- Activity -
Using the entries below, copy exactly each line from the line with "Winterspaziergang" up to and including the line with "German Shepherd Puppies from LORI Zanin", with every picture left out.

- Dataset records -
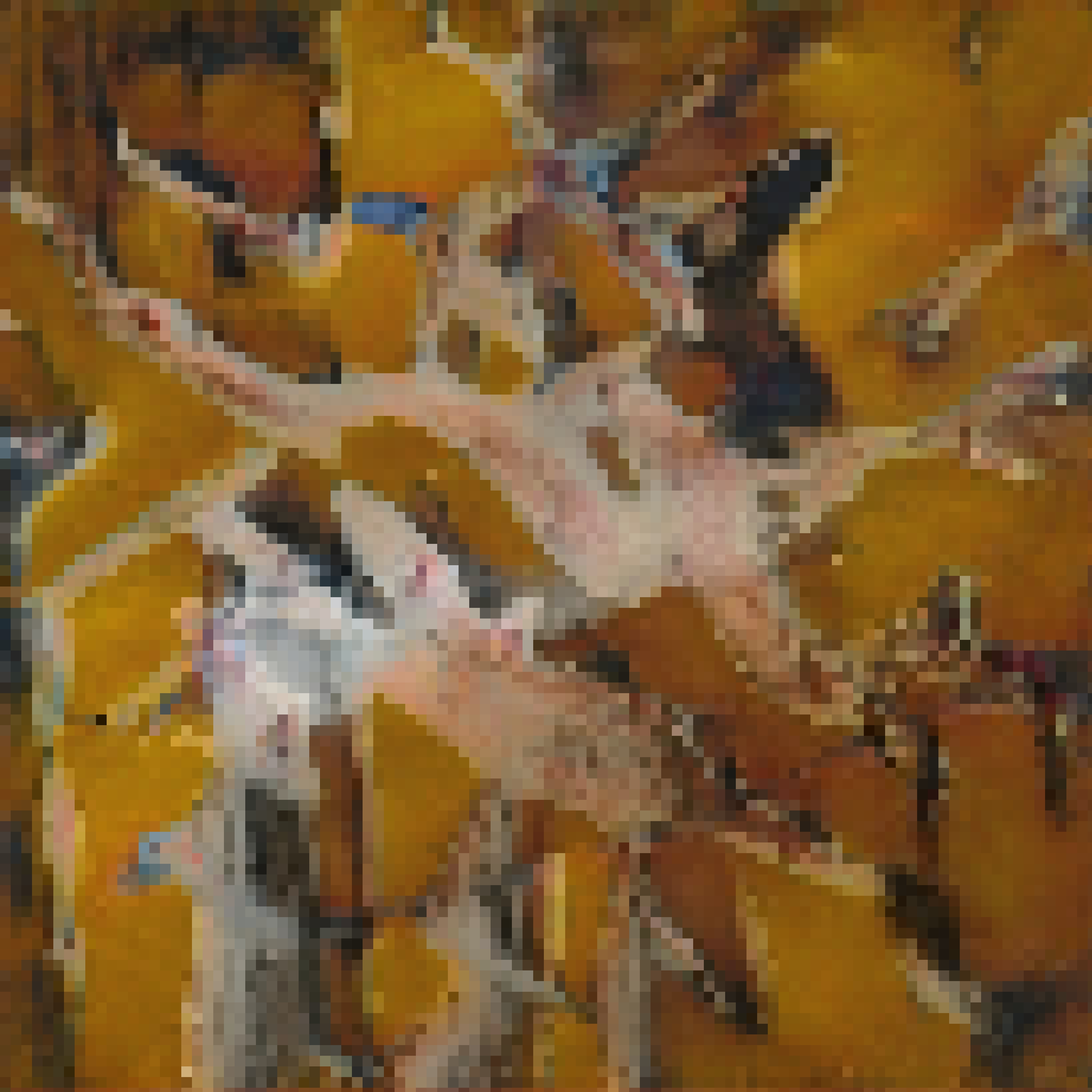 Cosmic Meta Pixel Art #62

---

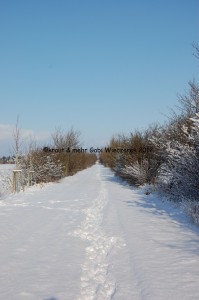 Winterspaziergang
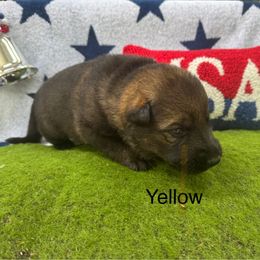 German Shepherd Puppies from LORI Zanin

- Reply -
 Winterspaziergang
 German Shepherd Puppies from LORI Zanin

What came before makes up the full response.